▸ **Assignment**
Copy the lines below word for word, skipping any image.

── Excerpted data

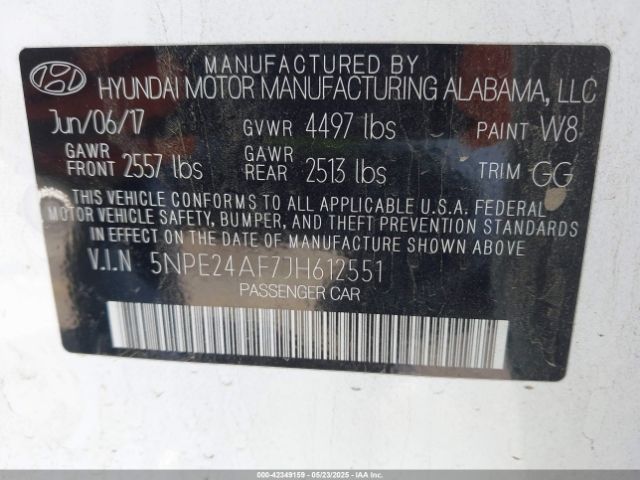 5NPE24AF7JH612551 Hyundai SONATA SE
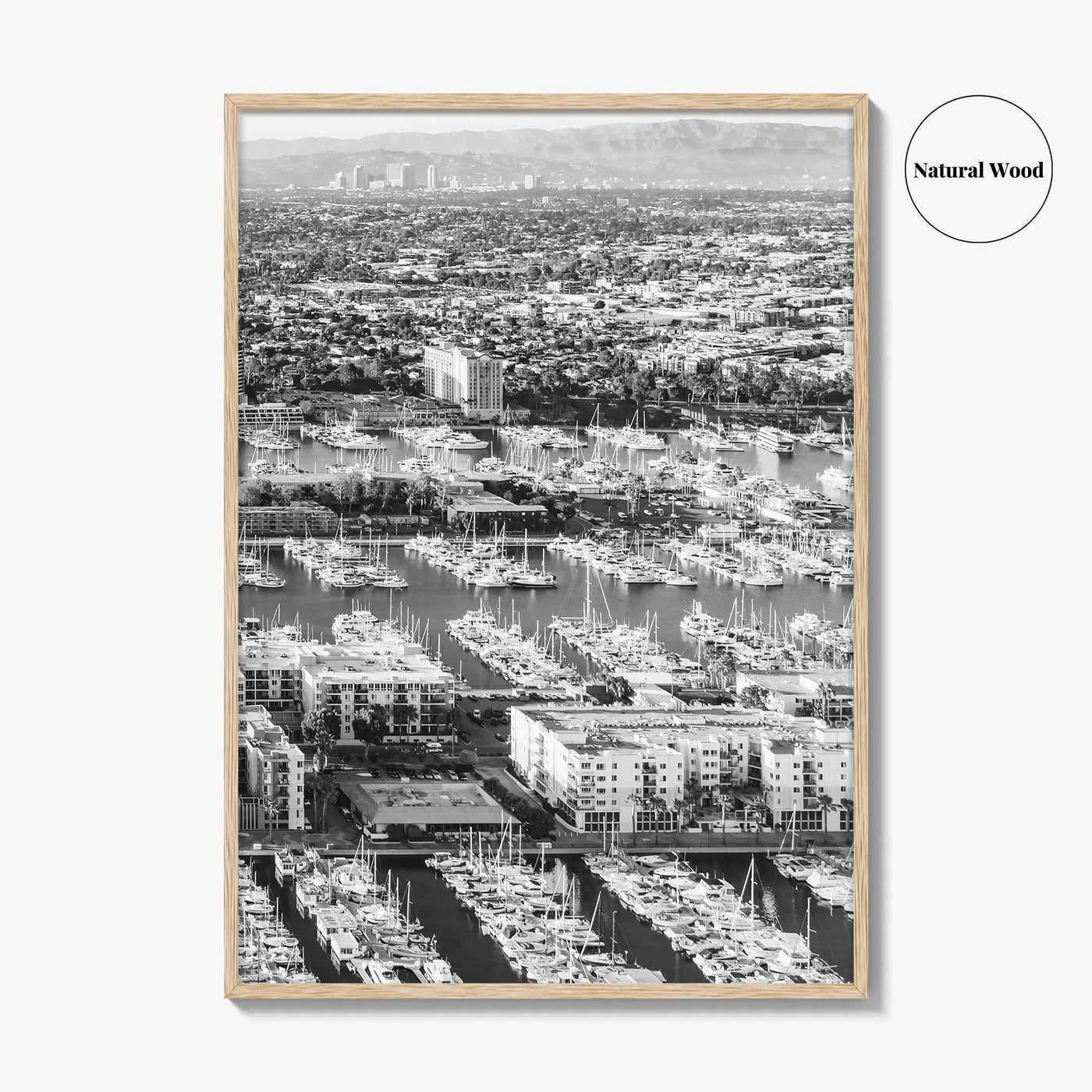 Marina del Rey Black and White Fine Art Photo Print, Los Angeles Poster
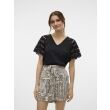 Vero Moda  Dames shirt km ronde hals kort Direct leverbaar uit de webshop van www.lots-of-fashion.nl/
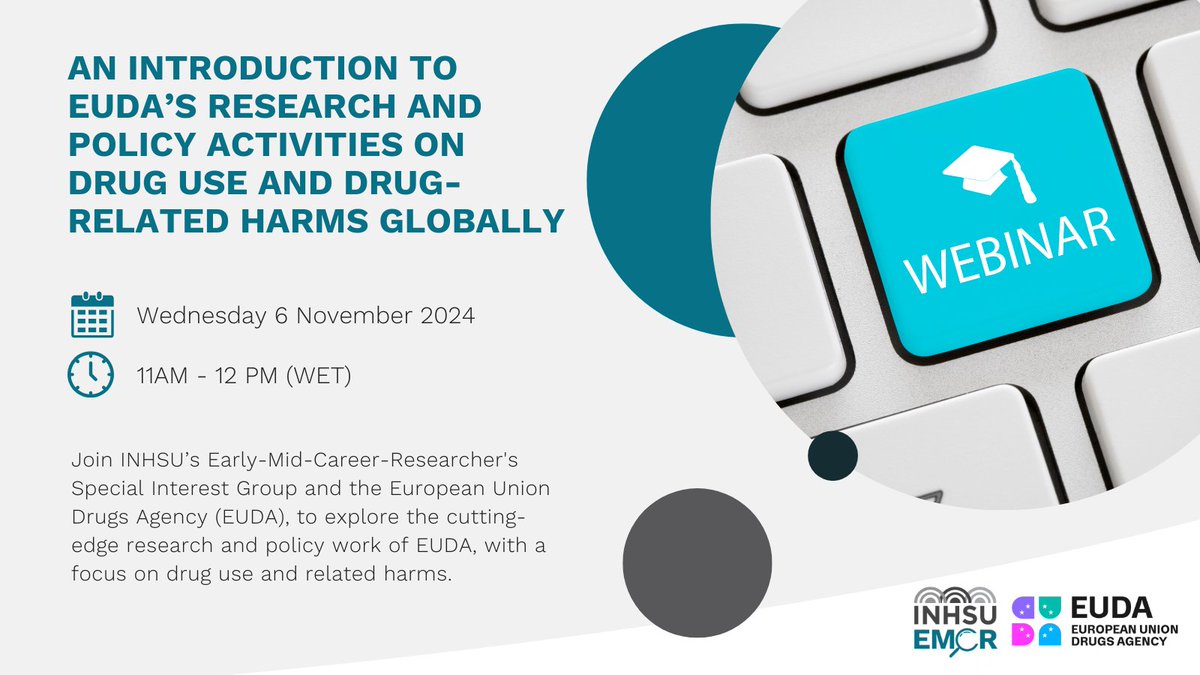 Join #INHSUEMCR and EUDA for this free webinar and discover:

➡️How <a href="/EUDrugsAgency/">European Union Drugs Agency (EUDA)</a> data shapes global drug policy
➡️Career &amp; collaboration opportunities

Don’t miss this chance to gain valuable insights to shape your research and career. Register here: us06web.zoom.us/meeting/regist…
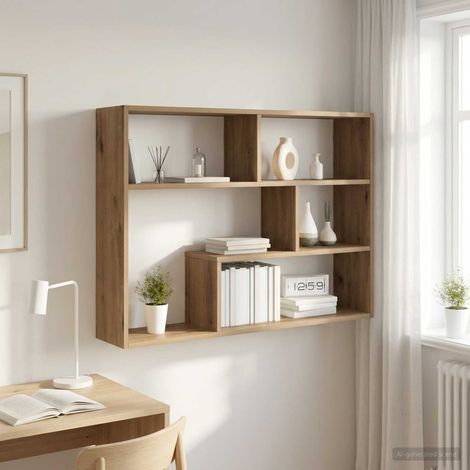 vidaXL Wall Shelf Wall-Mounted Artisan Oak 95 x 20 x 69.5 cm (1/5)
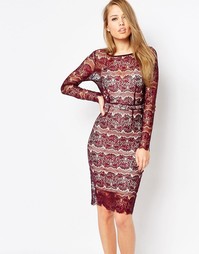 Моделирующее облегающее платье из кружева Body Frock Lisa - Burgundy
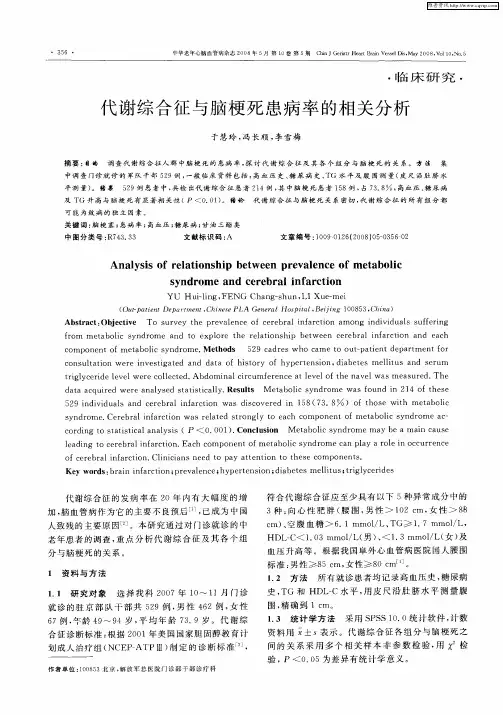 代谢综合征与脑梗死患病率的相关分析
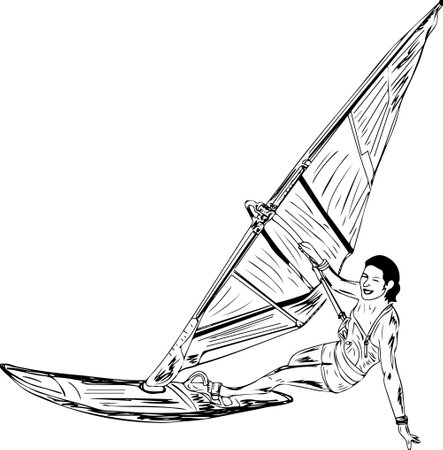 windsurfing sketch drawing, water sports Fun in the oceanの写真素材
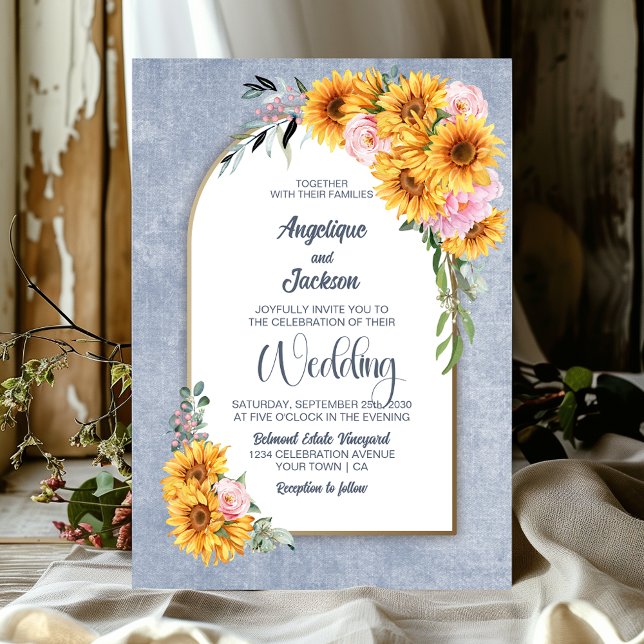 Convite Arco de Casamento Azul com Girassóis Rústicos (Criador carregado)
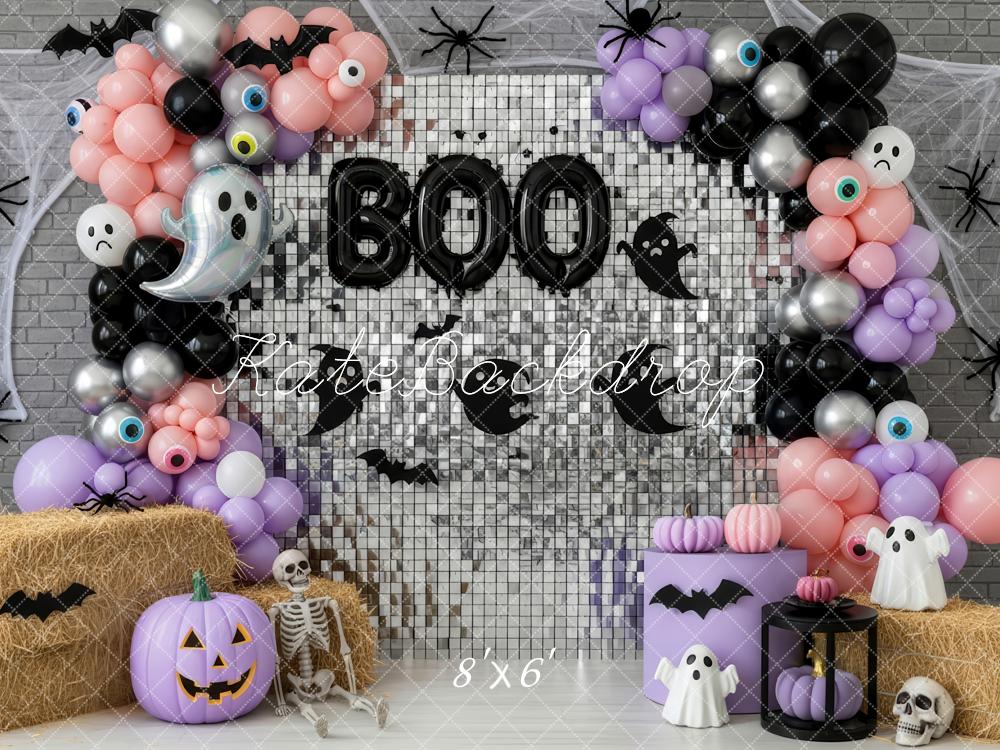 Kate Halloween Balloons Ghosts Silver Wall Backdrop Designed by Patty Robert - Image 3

────

▸ **Exercise solution**
 5NPE24AF7JH612551 Hyundai SONATA SE
 Marina del Rey Black and White Fine Art Photo Print, Los Angeles Poster
 Vero Moda  Dames shirt km ronde hals kort Direct leverbaar uit de webshop van www.lots-of-fashion.nl/
 Join #INHSUEMCR and EUDA for this free webinar and discover:

➡️How <a href="/EUDrugsAgency/">European Union Drugs Agency (EUDA)</a> data shapes global drug policy
➡️Career &amp; collaboration opportunities

Don’t miss this chance to gain valuable insights to shape your research and career. Register here: us06web.zoom.us/meeting/regist…
 vidaXL Wall Shelf Wall-Mounted Artisan Oak 95 x 20 x 69.5 cm (1/5)
 Моделирующее облегающее платье из кружева Body Frock Lisa - Burgundy
 代谢综合征与脑梗死患病率的相关分析
 windsurfing sketch drawing, water sports Fun in the oceanの写真素材
 Convite Arco de Casamento Azul com Girassóis Rústicos (Criador carregado)
 Kate Halloween Balloons Ghosts Silver Wall Backdrop Designed by Patty Robert - Image 3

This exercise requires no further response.